Sun founders confess all during walk down workstation lane
Future is either bright or executable
Into the Valley Put Scott McNealy and Bill Joy on stage together, and you're already in trouble. Add Andy Bechtolsheim and Vinod Khosla, and you move from trouble to pure information overload.
The Computer History Museum last night played host to this foursome that founded Sun Microsystems. There was so much personality - and dare we say it, ego - in the room that it was hard to take it all in. These four men have become Silicon Valley legends, and a standing room-only crowd arrived to consume their stories.
On an individual basis, each founder tends to dominate these types of public events. Together it was a battle to outwit, out humor and out compliment each other. The voluminous comments and breadth of the more than two-hour discussion about Sun's history make it difficult to know where to begin.
That said, we're going to head straight for the middle of the shindig and hit first on McNealy's comments about Bill Joy – a man already well-known before joining Sun for his work on Berkeley Unix.
Happy, happy. Joy, joy
McNealy often praises Bill Joy for pioneering much of the open source and community software development model. And last night was no different.
"He has never gotten credit for it," McNealy said.
Joy invented the open process for doing community development software work and pioneered some of the open licensing arrangements, McNealy said. This attitude dominated Sun's early days, as the company shocked competitors by opening up much of its IP.
McNealy is right on this point given that Joy's name is rarely mentioned in the same breath as Stallman, Torvalds or the Apache crew. Hell, Tim O'Reilly receives more credit as an open source pioneer than Joy, and that's just plain embarrassing. So, for the record, let's give Joy his due.
Joy, of course, was the last piece of the Sun foursome to be locked in as a founder. The other three Standord guys had been hunting down a Unix guru for months in the hopes running the operating system on Bechtolsheim's amazing workstation design. They interviewed one Unix type after another but just could not find the right personality, McNealy recounted. Then, one of the rejects suggested this guy named Bill Joy.
"Andy went, 'Yeah, I know Bill'" McNealy said, rolling his eyes.
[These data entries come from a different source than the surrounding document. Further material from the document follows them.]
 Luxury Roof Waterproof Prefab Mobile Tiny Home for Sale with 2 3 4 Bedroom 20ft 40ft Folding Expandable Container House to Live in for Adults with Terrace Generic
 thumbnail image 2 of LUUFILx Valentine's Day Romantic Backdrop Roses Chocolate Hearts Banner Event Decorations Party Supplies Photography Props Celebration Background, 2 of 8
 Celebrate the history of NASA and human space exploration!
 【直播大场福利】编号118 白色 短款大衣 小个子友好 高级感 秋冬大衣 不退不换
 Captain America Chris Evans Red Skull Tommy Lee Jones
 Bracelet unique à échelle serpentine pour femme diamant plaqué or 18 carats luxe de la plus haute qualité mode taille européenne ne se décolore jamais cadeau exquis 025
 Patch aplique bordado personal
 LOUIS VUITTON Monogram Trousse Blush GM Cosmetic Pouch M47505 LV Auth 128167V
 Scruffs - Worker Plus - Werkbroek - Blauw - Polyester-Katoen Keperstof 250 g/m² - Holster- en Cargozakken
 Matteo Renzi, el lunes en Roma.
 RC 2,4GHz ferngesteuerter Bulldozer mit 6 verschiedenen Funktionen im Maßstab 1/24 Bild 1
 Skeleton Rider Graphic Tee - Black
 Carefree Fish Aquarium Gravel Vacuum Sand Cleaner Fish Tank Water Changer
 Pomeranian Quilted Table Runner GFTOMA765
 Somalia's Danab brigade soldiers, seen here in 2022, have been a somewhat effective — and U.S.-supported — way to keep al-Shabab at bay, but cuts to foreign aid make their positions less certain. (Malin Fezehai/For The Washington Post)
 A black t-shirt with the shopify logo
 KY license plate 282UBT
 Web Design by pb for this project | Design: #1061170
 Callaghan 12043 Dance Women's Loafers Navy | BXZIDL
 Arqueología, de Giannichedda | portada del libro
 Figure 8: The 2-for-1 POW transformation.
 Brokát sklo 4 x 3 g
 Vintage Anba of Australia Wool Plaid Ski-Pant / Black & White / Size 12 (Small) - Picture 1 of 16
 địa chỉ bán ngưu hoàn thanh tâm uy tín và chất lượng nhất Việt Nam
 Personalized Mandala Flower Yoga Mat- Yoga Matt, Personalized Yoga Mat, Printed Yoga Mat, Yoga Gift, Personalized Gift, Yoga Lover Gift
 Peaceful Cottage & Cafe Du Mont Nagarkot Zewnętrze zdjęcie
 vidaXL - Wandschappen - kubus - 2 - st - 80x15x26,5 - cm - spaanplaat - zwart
The Sun founders called Joy and tried to set up a meeting. Joy didn't pay much attention to McNealy or Khosla – as they tell it – and said that sending Bechtolsheim on his own would be fine. In anticipation of Bechtolsheim's visit, Joy tried to think up a way to impress or at least amuse the hardware guru.
"I had a room with six VAX (machines)," Joy said. "It looked like a computer center, but they were my machines. I took (Andy) in the machine room and walked over to one of the microcomputers and just turned it off and pulled the board out and said, 'Look at this.'
"That was our way of bonding."
Having talent like Joy and Bechtolsheim on board made recruiting and sales easy in the early days.
"As soon as Bill Joy joined, we started getting calls from all over the world," McNealy said. "You remember that one guy? He said, 'Is Bill on board? We want two of whatever you've got.'"
Just a few months into operations, Sun's sales lines would light up five at a time with McNealy fielding the calls. The queries would die down at around six in the evening and then McNealy would head back to build machines and write purchase orders. Bechtolsheim's workstation design - that was similar to other products on the market "but one tenth the price" - let Sun thrive from the beginning.